Uniform packaging and labeling

  • Many medicines are produced in similar shapes, sizes, colors and packaging, increasing the potential for visual confusion.
  • Vials, blister packs, and tablet bottles often have a similar design, making it difficult for healthcare providers to distinguish between them.

Phonetic similarity

  • Some drug names have similar phonetic qualities, particularly when written by hand or spoken in a noisy environment.
  • Communication errors between healthcare providers can lead to misunderstandings about the intended medication, especially in emergency or high-pressure situations.

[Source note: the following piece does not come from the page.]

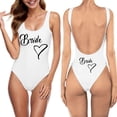 thumbnail image 1 of MKLEKYY Traje De Baño Mujer Women Fashion Letter Print Piece Swimsuit Sexy Bikini Swimwear Bathing Sleeveless Backless Swimsuit 1517, 1 of 4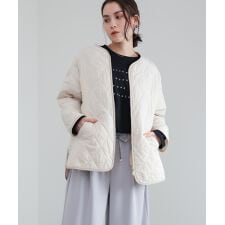 中綿キルティングアウター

Abbreviations and illegible handwriting

  • The use of ambiguous abbreviations or illegible handwriting in prescriptions can lead to misinterpretation of the drug name.
  • For example, a handwritten prescription for “MS” might be mistaken for “morphine sulfate” instead of “magnesium sulfate.”

High workload and stress

  • Health care professionals working under stressful circumstances or time constraints may be more likely to make mistakes with LASA medications.
  • Time pressure may lead to incomplete cross-checking or incorrect information regarding medication orders.

Consequences of Error

Adverse Drug Reactions (ADRs)

Receiving the wrong medication due to a LASA error can lead to unintended drug effects, including toxic reactions or deterioration of the patient’s condition.

Treatment Failure

When patients are given the wrong medication, their medical conditions can go untreated, leading to disease progression or other complications.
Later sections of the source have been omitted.